Charley Goldman (December 22, 1887, in Warsaw, Poland – November 11, 1968) was a famed boxing trainer who trained five world champions.  Goldman's most famous pupil was the undefeated heavyweight champion of the world, Rocky Marciano.

Career as a boxer 
Goldman, who was Jewish, grew up in the Red Hook section of Brooklyn.  The area was then known as a tough neighborhood, and Goldman learned how to use his fists at an early age to protect his older brother Sam.  It is therefore not surprising that Goldman became a professional boxer, as a bantamweight.  He was a protégé of world champion "Terrible" Terry McGovern, and claimed to have adopted the habit of wearing a derby hat from McGovern.  He fought his first professional fight, at the age of 16, in a Brooklyn, New York saloon.
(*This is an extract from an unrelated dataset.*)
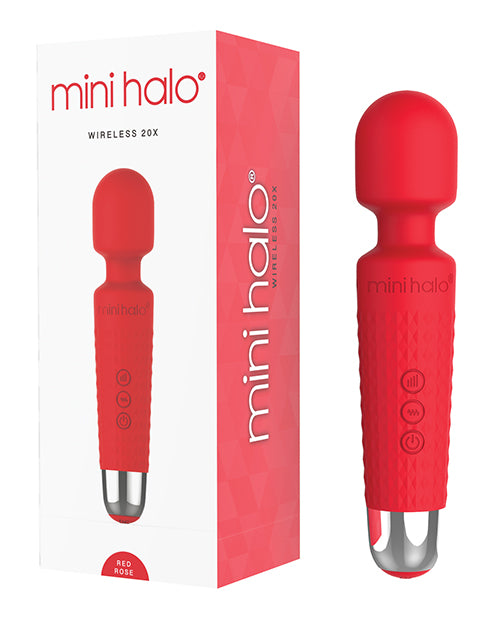 image of product,Mini Halo Wireless 20x Wand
Goldman claimed to have engaged in over 400 bouts, but most were unrecorded.  Given the quasi-legal status of the sport in New York at the time, it was not unusual that no record was kept of any particular encounter.  He is attributed with having engaged in 137 recorded fights, of which he won 36 (20 by KO) and losing 6.  The other fights were ruled either a No Decision or draw.  Included in his No Decision fights was a ten-round attempt to wrest the bantamweight crown from champion Johnny Coulon in November 1912.
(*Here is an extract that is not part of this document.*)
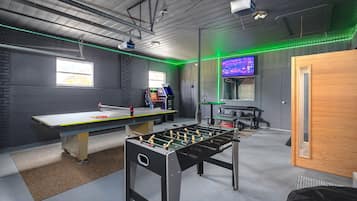 Game room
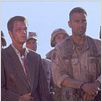 Três Reis : foto George Clooney, Mark Wahlberg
Unlike today, ring rivals fought each other repeatedly and often.  For example, Goldman had a rivalry with Whitey Kitson.  The two were reputed to have fought each other 60 times.  Goldman claimed to have fought Whitey twice on the same day, and 12 times in 12 days.

Although, Goldman was considered a top notch fighter he was afflicted with brittle hands, which affected his ability as a puncher.  During his career he broke his hands countless times, and was left with deformed, gnarled knuckles and fingers.

Career as a trainer 
After his career as a boxer ended, Goldman began training boxers.  His first champion was a middleweight Al McCoy.  Eventually, Goldman teamed with boxing manager Al Weill, and trained his fighters including world lightweight champion Lou Ambers and featherweight champion Joey Archibald.
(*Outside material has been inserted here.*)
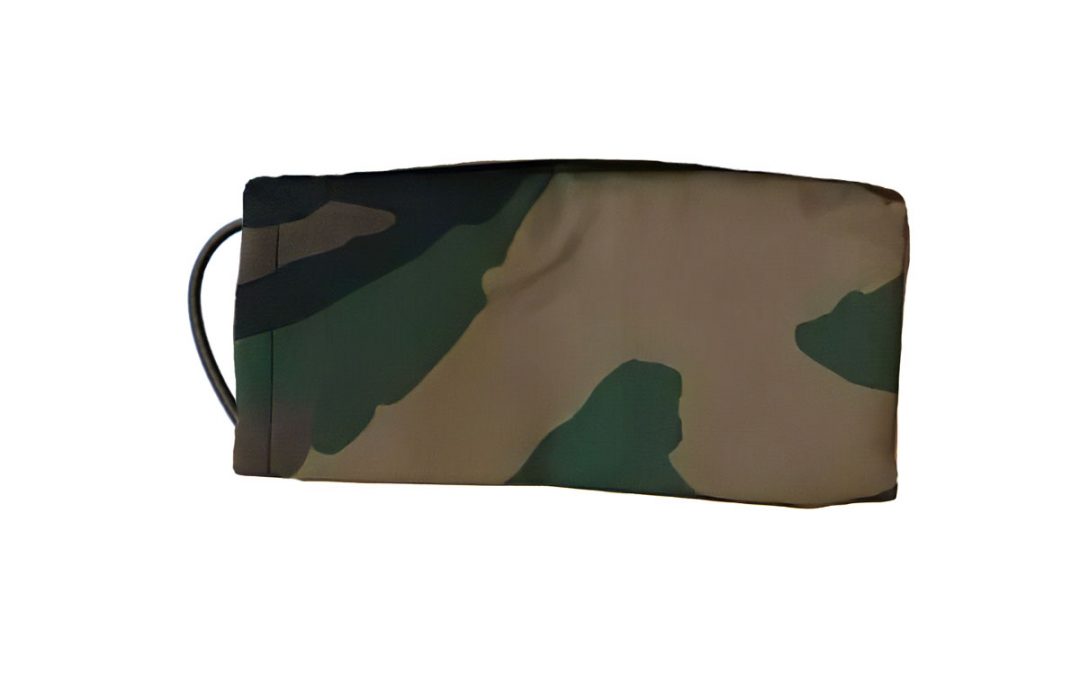 Grit O.G. Renegade Barrel Cover, Woodland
It was his work with Marciano, however, that Goldman is most famous for.  When Goldman first met Marciano, the fighter was an inexperienced, short (approx. 5'11), stoop shouldered, balding, clumsy heavyweight, with inordinately short arms (Marciano's reach was the shortest of any heavyweight champion at 69 inches).  In addition, Marciano was starting late in the professional ranks, and was light for a heavyweight.

Nevertheless, Goldman began to work with Marciano.  Goldman believed that a trainer should not interfere with a fighter's natural style, but rather refine and improve it.  Accordingly, he did not try to turn him into a slick jabbing boxer.  He also sought to turn Marciano's shortcomings into advantages.  His adage was: "If you got a tall fighter, make him taller.  If you got a short fighter make him shorter."  With Marciano, Goldman made him shorter by teaching him to fight out of a crouch.  By having him stoop low Goldman made the already low target offered by Marciano that much harder to hit.

He also worked with Marciano to shorten his punches and narrow his stance.  Goldman tied Marciano's ankles together with a string to help him to narrow his stance.  He taught him to throw combinations, rather than one big bomb at a time.  Although the finished product was still crude and clumsy, compared to the style of many boxers, Marciano became a formidable offensive and defensive fighter.  But, as Goldman pointed out: "A lot of people say Rocky don't look too good in there, but the guy on the ground don't look too good either."

A visual examination of Marciano's defense could be deceiving.  Boxing master, Archie Moore noted that his study of Marciano on film led him to believe that he would be vulnerable to a left hook.  When the fight began, Archie learned that, due to the angle of Marciano's defensive crouch, he could hit Marciano with a hook only if he placed himself in position to be hit by Marciano.

Undisputedly, Marciano possessed assets that enabled him to become champion.  But it is universally acknowledged that Goldman did a masterful job in bringing out these assets to Marciano's greatest advantage, and refining his style to make the fighter the best he could be.

Legacy 
After Marciano retired, Goldman continued to train fighters.  Although he briefly worked with Argentinian Oscar Bonavena in his early career, he never again trained a world championship contender.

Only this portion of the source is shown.